Start of Block

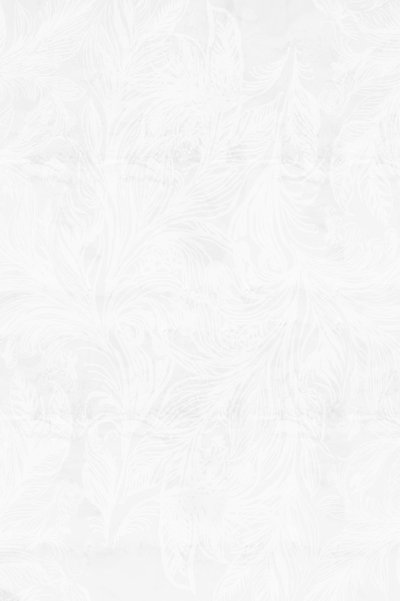 Delikatne wzory szronu autorstwa cartissi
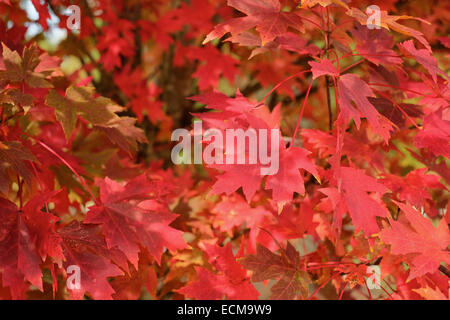 Vue rapprochée d'octobre rouge 'glory', Acer rubrum, feuilles d'érable à l'automne. pike road, New York USA. Banque D'Images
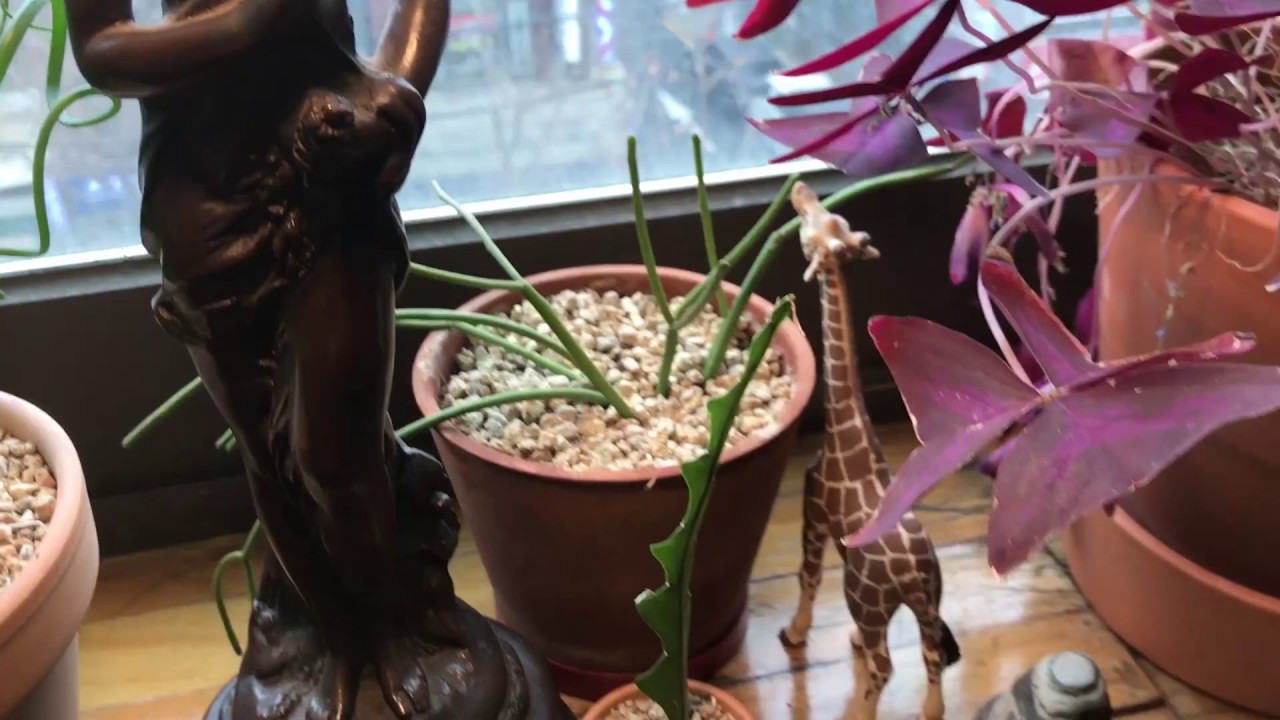 연필 선인장 번식 시키기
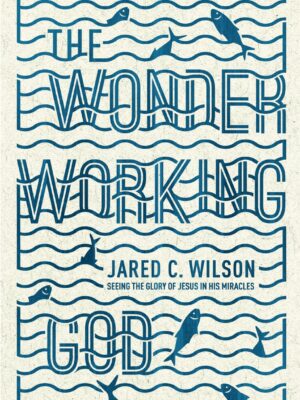 The wonder working God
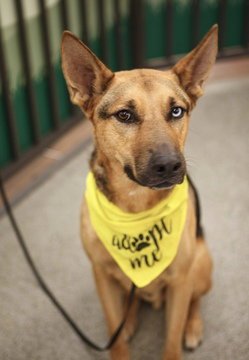 RILEY D5145 (WAS LYLE) - German Shepherd Dog / Australian Kelpie available for adoption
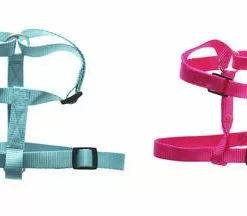 Master Paws® Medium Adjusable Nylon Dog Harness - Assorted Colors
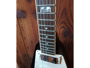 Gibson Flying V 120th 2014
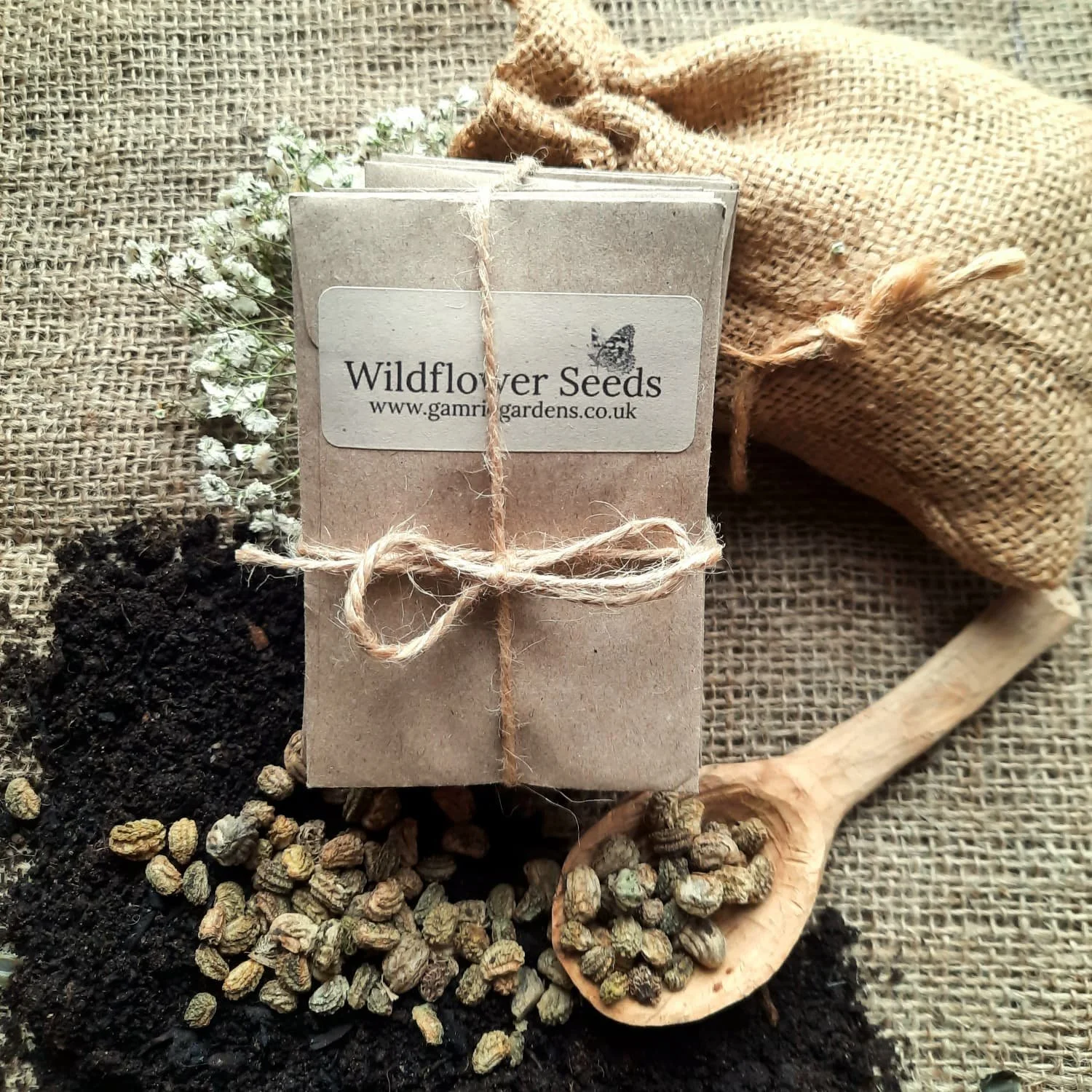 WhatsApp Image 2026-02-15 at 13.20.03.jpeg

End of Block

Exercise instructions -
Omit all pictures and repeat the rest of the records verbatim.

Written answer -
 Delikatne wzory szronu autorstwa cartissi
 Vue rapprochée d'octobre rouge 'glory', Acer rubrum, feuilles d'érable à l'automne. pike road, New York USA. Banque D'Images
 연필 선인장 번식 시키기
 The wonder working God
 RILEY D5145 (WAS LYLE) - German Shepherd Dog / Australian Kelpie available for adoption
 Master Paws® Medium Adjusable Nylon Dog Harness - Assorted Colors
 Gibson Flying V 120th 2014
 WhatsApp Image 2026-02-15 at 13.20.03.jpeg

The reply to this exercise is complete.